Lo anterior requería una solución esencialmente política, esto es, o se eliminaba la ley de amnistía o se establecía un marco interpretativo para cerrar los casos bajo ciertas condiciones. Como ambas opciones eran políticamente inviables, se optó por transferir esta "papa caliente" a la justicia y hoy le corresponde resolver a los tribunales un problema que no se pudo resolver en el Congreso.
El problema central de aquella política -aceptada por la casi totalidad del espectro político- es que restringió el debate de los derechos humanos un importante, pero reducido espectro de problemas: cuánta opción de justicia es posible, cuántos militares son procesados y cuánto reconocimiento de culpas son capaces de aceptar los actores políticos.

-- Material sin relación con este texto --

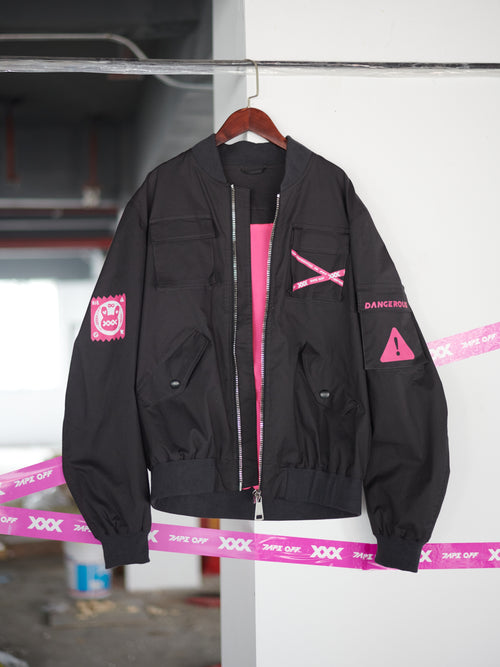 Dark Grey Workwear Jacket featuring sleek streetwear design, minimalist jacket style, and standout prints. Perfect for industrial fashion, modern workwear, and lightweight urban outerwear.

Hablar de derechos humanos en Chile hoy es hablar casi exclusivamente de procesos judiciales pendientes. Hablar del pasado en Chile hoy es hablar sobre el reconocimiento de responsabilidad por lo sucedido en el pasado.

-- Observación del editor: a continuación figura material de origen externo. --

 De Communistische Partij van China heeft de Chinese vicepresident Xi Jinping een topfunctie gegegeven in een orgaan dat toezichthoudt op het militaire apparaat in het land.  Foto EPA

Para evitar una nueva frustración, digamos que la propuesta del gobierno tampoco será una "solución definitiva", pues no han existido ni existirán soluciones que dejen contentos a todos los sectores involucrados. El ministro Insulza tiene razón cuando indica que la reconciliación no se alcanzará en el corto plazo. Agregaría que tampoco se logrará en el largo plazo.
Pero además de acostumbrarnos a seguir viendo sangrar aquella herida, en Chile se requiere una discusión en relación a las bases sobre las que se debe fundar un sistema democrático. Se requiere establecer un verdadero acuerdo nacional, que pase por un "nunca más", pero que adicionalmente exprese los valores fundamentales que unen a los partidos políticos chilenos, es decir, la protección de los derechos humanos y la dignidad de las personas, la tolerancia, el respeto por la propiedad privada, la existencia de un sistema político representativo, y la subordinación de las Fuerzas Armadas al poder político legítimamente constituido.

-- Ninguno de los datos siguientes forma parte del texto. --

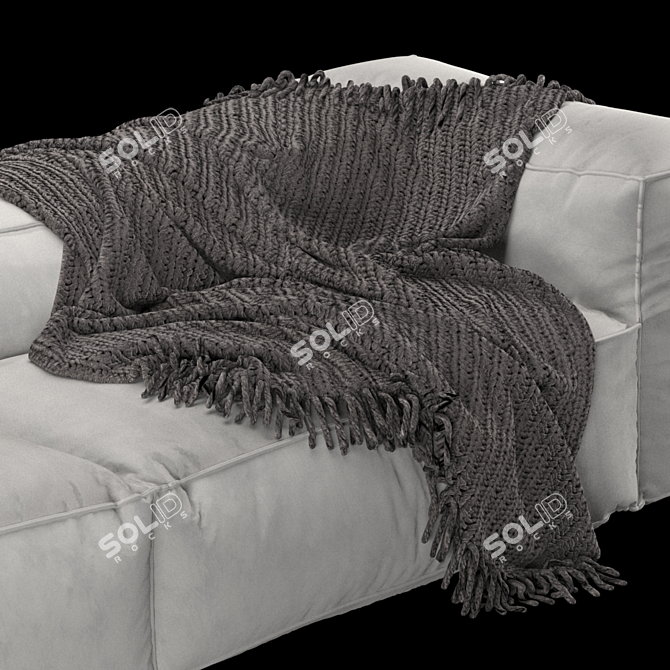 NeoWall Modular Sofa: Proportional Comfort 3D model image 4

Más que gestos "reconciliadores" que son imposibles de conseguir por las razones ya enunciadas, lo que Chile requiere son gestos fundadores de una nueva forma de hacer política. Aquel "nunca más" debería reunir a todos los sectores políticos bajo un compromiso democrático futuro de responsabilizarse por proteger individual y colectivamente los derechos esenciales de las personas sin importar raza, credos e ideologías.
Aceptemos que el pasado nos seguirá dividiendo, es más, siempre lo ha hecho. Aceptemos que hay heridas que no podrán cerrarse definitivamente. Mientras tanto, promovamos principios mínimos de convivencia democrática futura.